From the entries below, reproduce exactly the lines from the one with "新三板眼镜行业企业基本信息(挖贝新三板研究院制图)" through the one with "CCOKIO 进口APG果蔬奶瓶 洗洁精 1.1L高清大图", both included, without images.

* _Dataset entries_
- - - -
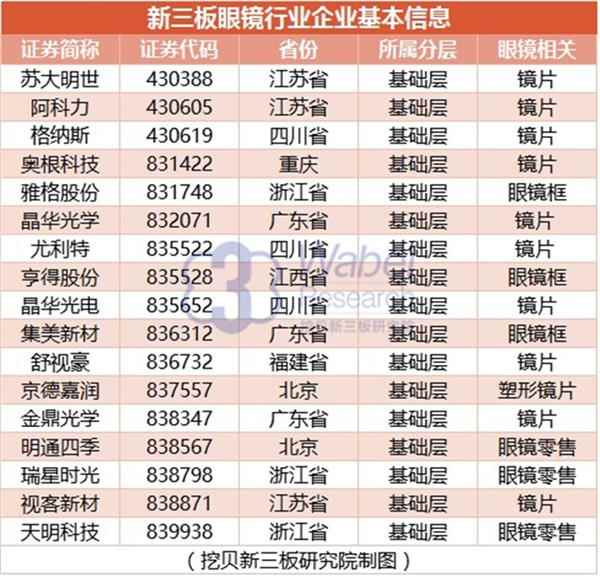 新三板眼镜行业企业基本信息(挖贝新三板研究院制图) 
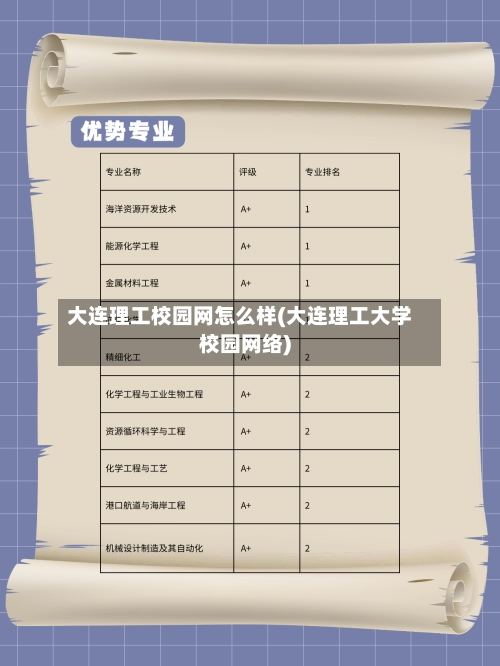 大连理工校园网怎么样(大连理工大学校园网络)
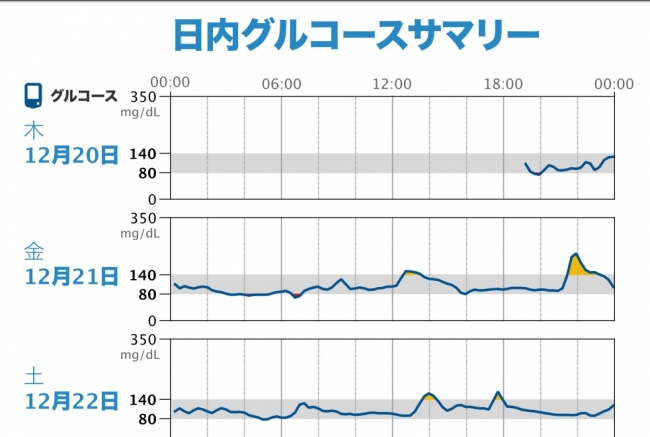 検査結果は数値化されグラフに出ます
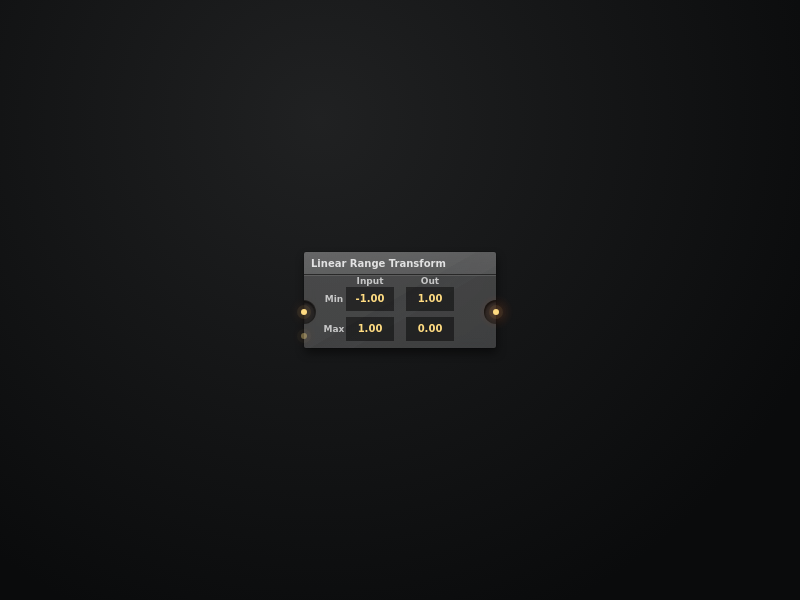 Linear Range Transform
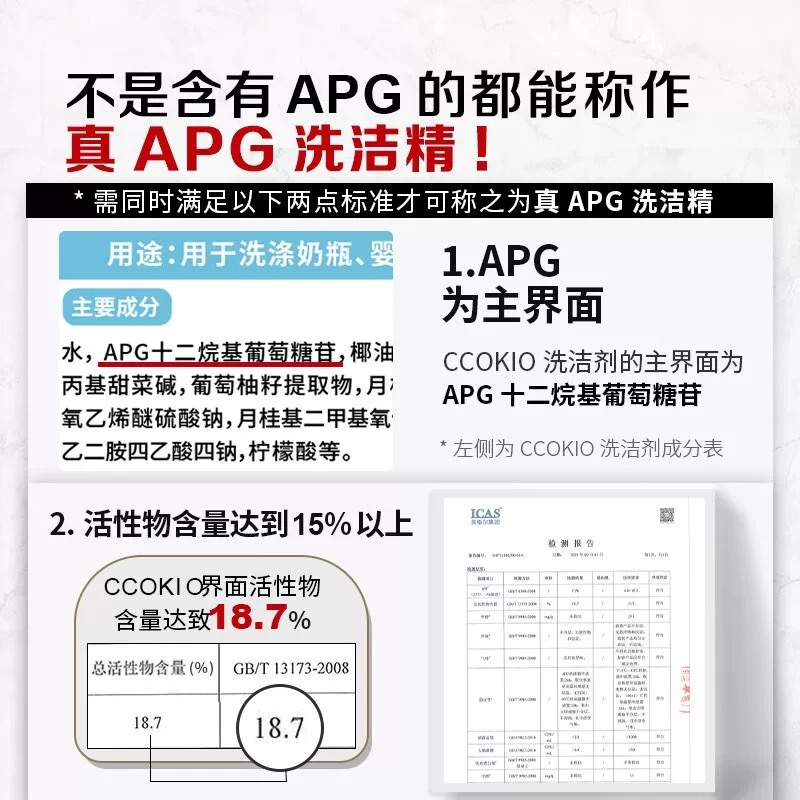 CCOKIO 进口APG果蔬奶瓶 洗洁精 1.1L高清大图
- - - -
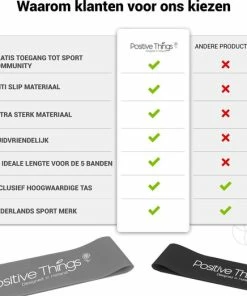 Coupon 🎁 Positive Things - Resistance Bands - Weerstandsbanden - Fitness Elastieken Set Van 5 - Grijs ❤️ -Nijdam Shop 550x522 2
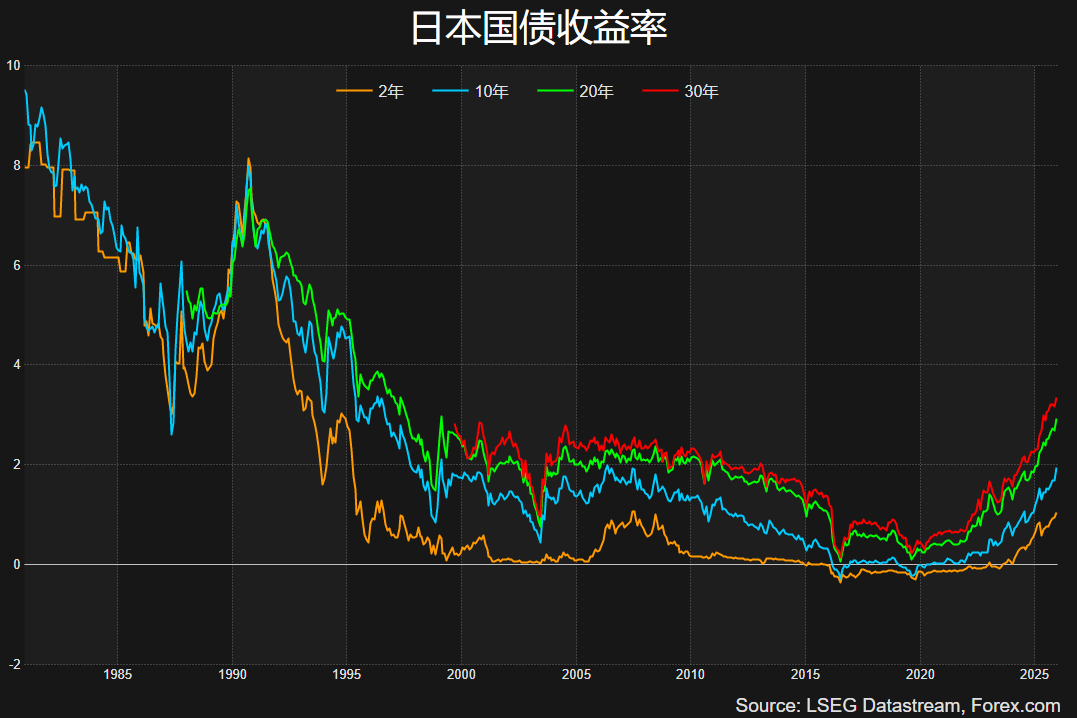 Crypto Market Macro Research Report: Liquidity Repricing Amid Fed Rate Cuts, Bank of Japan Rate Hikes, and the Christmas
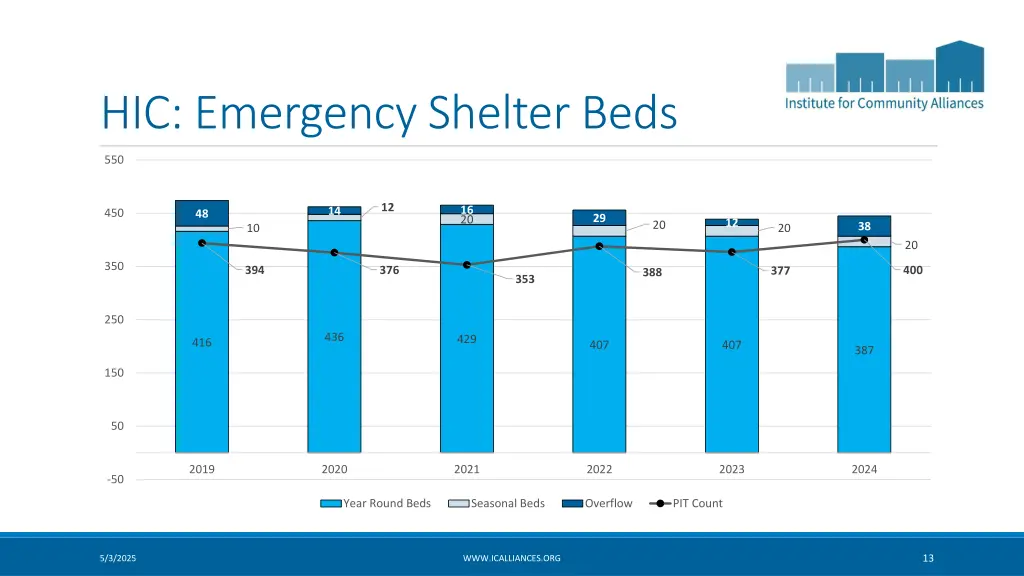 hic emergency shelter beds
- - - -
* _Solution to the problem_
 新三板眼镜行业企业基本信息(挖贝新三板研究院制图) 
 大连理工校园网怎么样(大连理工大学校园网络)
 検査結果は数値化されグラフに出ます
 Linear Range Transform
 CCOKIO 进口APG果蔬奶瓶 洗洁精 1.1L高清大图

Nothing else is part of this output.